E a Constituição de 88, ainda grande desconhecida (como até hoje), não
estabelecia nenhum prazo para mudança de domicílio. O sistema de sorteio do
Supremo fez o processo cair com o Ministro Marco Aurélio, que, no mesmo dia,
concedeu medida liminar, mantendo a candidatura de Sarney pelo Amapá. Veio o
dia do julgamento do mérito pelo plenário. Sarney ganhou, mas o último a votar
foi o Ministro Celso de Mello, que votou pela cassação da candidatura do
Sarney. Deus do céu! O que deu no garoto? Estava preocupado com a distribuição
do processo para a apreciação da liminar, afirmando que a concederia em favor
da tese de Sarney, e, agora, no mérito, vota contra e fica vencido no plenário.
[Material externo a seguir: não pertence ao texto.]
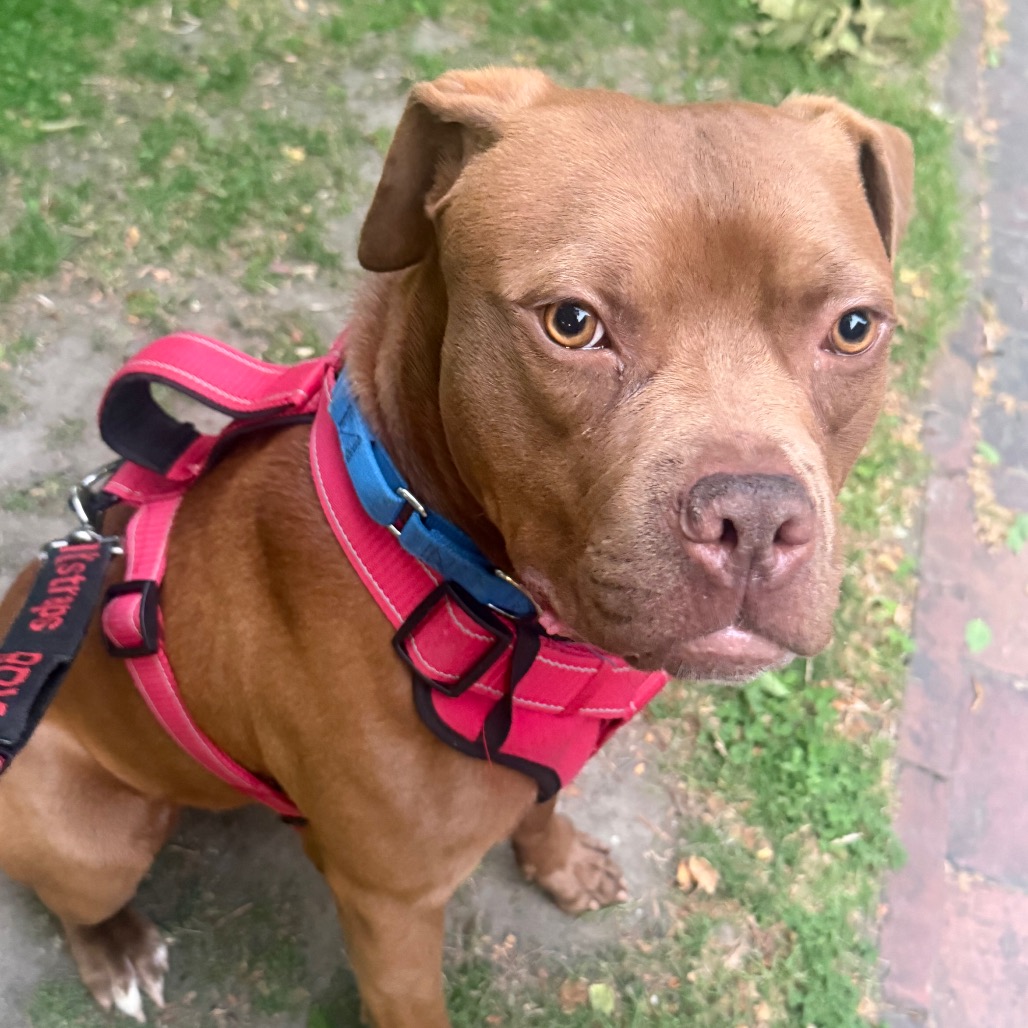 Shelter Stray Male Dog last seen , Philadelphia, PA 19140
O que aconteceu? Não teve sequer a gentileza, ou habilidade, de dar-se por
impedido. Votou contra o Presidente que o nomeara, depois de ter demonstrado
grande preocupação com a hipótese de Marco Aurélio ser o relator.
Apressou-se
ele próprio a me telefonar, explicando:
— Doutor Saulo, o senhor deve ter estranhado o meu voto no caso do
Presidente.
— Claro! O que deu em você?
— É que a Folha de S. Paulo, na véspera da votação, noticiou a afirmação
de que o Presidente Sarney tinha os votos certos dos ministros que enumerou e
citou meu nome como um deles. Quando chegou minha vez de votar, o Presidente já
estava vitorioso pelo número de votos a seu favor. Não precisava mais do meu.
Votei contra para desmentir a Folha de S. Paulo. Mas fique tranqüilo. Se meu
voto fosse decisivo, eu teria votado a favor do Presidente. Não acreditei no
que estava ouvindo. Recusei-me a engolir e perguntei:
— Espere um pouco. Deixe-me ver se compreendi bem. Você votou contra o
Sarney porque a Folha de S. Paulo noticiou que você votaria a favor?
— Sim. — E se o Sarney já não houvesse ganhado, quando chegou sua vez de
votar, você, nesse caso, votaria a favor dele?
— Exatamente. O senhor entendeu?
— Entendi. Entendi que você é um juiz de merda! Bati o telefone e nunca mais falei
com ele.”
Moral da história: O
caráter de uma pessoa se julga por seus atos e não por seus diplomas ou cargos!